The Voivodeship Administrative Court: data breach must be communicated to the data subject

The Polish SA in autumn 2020 received a notification of a suspected violation of data protection provisions by the Lex Nostra Foundation. The case involved the loss of personal data of a number of individuals that took place in early 2020, due to the theft of folders containing personal data of beneficiaries. The controller failed to notify the personal data breach to the SA and to communicate it to the data subjects. The consequence of such failure was that the supervisory authority imposed an administrative fine on the Lex Nostra Foundation in June 2021. The controller appealed against the decision to the Voivodeship Administrative Court in Warsaw, in the opinion of which the complaint did not merit consideration.

The Court confirmed that the controller failed to notify the personal data breach to the supervisory authority. In addition, the controller failed to communicate the personal data breach to the data subjects without undue delay. This constitutes a violation of the General Data Protection Regulation (GDPR).

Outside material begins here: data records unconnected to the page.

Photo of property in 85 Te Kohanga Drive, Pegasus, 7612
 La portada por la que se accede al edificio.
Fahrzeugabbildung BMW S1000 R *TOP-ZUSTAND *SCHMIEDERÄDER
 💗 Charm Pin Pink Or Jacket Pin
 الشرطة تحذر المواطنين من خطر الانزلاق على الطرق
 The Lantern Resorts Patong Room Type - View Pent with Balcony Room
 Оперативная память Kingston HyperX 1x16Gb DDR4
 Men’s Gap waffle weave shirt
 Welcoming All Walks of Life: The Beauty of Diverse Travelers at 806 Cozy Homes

In the Court's view, the SA was right to point out examples of damage that may occur in the event of a breach. And these include, but are not limited to: discrimination, identity theft or identity fraud, financial loss and damage to good reputation. The Court also confirmed that in this case - given the catalogue of personal data that was affected by the breach - there was a high risk to the rights and freedoms of data subjects, as the lost data allowed for easy identification of those persons.

In the Court’s view, the controller's failure to act in this way resulted practically in depriving the data subjects not only of communication of the breach, but also of the possibility to take appropriate measures to counteract the negative effects of the breach.